BEGIN Record excerpts
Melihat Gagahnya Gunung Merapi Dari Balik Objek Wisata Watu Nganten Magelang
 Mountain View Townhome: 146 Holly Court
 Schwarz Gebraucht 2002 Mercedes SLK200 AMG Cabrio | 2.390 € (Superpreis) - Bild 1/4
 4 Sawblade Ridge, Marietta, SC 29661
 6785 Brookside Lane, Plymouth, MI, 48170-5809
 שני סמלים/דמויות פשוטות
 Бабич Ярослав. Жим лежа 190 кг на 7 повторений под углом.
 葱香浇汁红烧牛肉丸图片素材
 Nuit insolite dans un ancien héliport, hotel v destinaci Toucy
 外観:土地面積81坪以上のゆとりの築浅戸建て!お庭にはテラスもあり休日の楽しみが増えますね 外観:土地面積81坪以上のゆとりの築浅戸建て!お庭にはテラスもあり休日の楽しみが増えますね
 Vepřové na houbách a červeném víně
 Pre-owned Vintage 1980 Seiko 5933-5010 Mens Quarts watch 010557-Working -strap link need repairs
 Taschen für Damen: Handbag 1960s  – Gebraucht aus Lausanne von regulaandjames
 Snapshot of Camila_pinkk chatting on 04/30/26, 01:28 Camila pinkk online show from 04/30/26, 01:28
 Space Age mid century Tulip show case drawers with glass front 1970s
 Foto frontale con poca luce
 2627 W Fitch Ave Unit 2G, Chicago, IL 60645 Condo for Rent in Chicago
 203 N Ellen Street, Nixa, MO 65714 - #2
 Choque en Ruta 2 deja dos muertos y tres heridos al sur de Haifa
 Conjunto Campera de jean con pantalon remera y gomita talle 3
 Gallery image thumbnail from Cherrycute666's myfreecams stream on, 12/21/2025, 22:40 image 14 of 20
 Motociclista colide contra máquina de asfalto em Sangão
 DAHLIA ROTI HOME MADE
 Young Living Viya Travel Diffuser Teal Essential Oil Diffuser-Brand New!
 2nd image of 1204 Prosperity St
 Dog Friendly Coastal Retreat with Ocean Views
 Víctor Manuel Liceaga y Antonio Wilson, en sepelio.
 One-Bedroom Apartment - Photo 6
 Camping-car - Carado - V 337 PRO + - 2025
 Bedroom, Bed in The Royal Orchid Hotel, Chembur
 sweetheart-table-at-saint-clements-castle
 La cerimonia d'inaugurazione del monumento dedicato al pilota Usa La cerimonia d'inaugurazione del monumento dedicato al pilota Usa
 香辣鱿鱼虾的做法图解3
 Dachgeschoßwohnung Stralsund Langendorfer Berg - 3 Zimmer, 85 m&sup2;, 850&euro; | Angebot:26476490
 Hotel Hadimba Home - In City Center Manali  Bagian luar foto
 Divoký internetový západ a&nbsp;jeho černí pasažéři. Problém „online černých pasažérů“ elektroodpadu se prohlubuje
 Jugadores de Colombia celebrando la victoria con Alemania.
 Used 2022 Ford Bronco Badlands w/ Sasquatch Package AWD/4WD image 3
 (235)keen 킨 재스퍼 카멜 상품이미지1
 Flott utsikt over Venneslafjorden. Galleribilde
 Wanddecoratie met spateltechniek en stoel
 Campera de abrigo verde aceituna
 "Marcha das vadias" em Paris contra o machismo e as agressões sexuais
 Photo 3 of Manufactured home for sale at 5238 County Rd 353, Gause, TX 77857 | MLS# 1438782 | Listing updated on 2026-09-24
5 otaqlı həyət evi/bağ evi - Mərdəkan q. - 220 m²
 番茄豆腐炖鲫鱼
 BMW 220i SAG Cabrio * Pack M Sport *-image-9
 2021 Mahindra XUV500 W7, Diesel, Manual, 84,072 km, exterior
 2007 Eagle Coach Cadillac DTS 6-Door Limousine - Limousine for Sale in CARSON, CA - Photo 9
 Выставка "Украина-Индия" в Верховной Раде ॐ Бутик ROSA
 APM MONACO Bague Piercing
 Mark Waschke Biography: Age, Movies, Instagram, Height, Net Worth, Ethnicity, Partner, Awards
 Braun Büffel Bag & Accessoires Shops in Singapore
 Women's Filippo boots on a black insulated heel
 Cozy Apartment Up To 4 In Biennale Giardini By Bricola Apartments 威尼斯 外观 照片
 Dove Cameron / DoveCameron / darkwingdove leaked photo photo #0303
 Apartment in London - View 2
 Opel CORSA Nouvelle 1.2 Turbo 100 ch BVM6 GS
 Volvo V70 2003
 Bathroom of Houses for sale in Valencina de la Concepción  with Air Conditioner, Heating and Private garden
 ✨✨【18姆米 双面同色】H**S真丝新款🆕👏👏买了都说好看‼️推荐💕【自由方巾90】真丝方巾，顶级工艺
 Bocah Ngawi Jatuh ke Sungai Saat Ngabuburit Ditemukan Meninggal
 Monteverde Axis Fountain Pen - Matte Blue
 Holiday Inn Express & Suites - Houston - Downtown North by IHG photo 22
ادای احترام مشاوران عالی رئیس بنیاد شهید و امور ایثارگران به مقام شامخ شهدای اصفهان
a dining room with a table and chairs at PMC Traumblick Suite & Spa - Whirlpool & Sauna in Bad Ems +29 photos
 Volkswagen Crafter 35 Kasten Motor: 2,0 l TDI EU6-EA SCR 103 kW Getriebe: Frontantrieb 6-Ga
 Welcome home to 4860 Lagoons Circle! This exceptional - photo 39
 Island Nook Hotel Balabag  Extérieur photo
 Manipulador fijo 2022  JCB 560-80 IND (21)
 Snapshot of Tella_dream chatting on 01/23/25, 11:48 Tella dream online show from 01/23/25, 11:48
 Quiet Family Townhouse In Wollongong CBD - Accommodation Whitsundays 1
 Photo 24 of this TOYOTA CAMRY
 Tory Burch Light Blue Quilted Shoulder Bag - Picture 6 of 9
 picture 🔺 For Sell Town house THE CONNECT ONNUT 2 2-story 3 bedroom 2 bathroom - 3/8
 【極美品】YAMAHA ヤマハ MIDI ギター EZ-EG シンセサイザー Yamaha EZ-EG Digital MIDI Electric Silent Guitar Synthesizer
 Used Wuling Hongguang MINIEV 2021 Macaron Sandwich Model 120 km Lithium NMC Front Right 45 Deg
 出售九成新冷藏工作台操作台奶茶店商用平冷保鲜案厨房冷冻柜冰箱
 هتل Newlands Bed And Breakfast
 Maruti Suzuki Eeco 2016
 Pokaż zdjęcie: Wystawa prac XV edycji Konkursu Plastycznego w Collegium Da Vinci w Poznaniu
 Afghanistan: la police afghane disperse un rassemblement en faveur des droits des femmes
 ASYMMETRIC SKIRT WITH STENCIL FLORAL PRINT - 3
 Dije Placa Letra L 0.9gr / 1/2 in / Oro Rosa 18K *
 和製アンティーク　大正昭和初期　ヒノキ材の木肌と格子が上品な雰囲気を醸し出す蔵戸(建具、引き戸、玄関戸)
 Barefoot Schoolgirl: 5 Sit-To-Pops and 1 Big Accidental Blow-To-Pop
END Record excerpts
Extract exactly and only the lines above from the line containing "Jugadores de Colombia" through the line containing "Monteverde Axis Fountain Pen - Matte Blue", both end lines included.

• _Reply_:
 Jugadores de Colombia celebrando la victoria con Alemania.
 Used 2022 Ford Bronco Badlands w/ Sasquatch Package AWD/4WD image 3
 (235)keen 킨 재스퍼 카멜 상품이미지1
 Flott utsikt over Venneslafjorden. Galleribilde
 Wanddecoratie met spateltechniek en stoel
 Campera de abrigo verde aceituna
 "Marcha das vadias" em Paris contra o machismo e as agressões sexuais
 Photo 3 of Manufactured home for sale at 5238 County Rd 353, Gause, TX 77857 | MLS# 1438782 | Listing updated on 2026-09-24
5 otaqlı həyət evi/bağ evi - Mərdəkan q. - 220 m²
 番茄豆腐炖鲫鱼
 BMW 220i SAG Cabrio * Pack M Sport *-image-9
 2021 Mahindra XUV500 W7, Diesel, Manual, 84,072 km, exterior
 2007 Eagle Coach Cadillac DTS 6-Door Limousine - Limousine for Sale in CARSON, CA - Photo 9
 Выставка "Украина-Индия" в Верховной Раде ॐ Бутик ROSA
 APM MONACO Bague Piercing
 Mark Waschke Biography: Age, Movies, Instagram, Height, Net Worth, Ethnicity, Partner, Awards
 Braun Büffel Bag & Accessoires Shops in Singapore
 Women's Filippo boots on a black insulated heel
 Cozy Apartment Up To 4 In Biennale Giardini By Bricola Apartments 威尼斯 外观 照片
 Dove Cameron / DoveCameron / darkwingdove leaked photo photo #0303
 Apartment in London - View 2
 Opel CORSA Nouvelle 1.2 Turbo 100 ch BVM6 GS
 Volvo V70 2003
 Bathroom of Houses for sale in Valencina de la Concepción  with Air Conditioner, Heating and Private garden
 ✨✨【18姆米 双面同色】H**S真丝新款🆕👏👏买了都说好看‼️推荐💕【自由方巾90】真丝方巾，顶级工艺
 Bocah Ngawi Jatuh ke Sungai Saat Ngabuburit Ditemukan Meninggal
 Monteverde Axis Fountain Pen - Matte Blue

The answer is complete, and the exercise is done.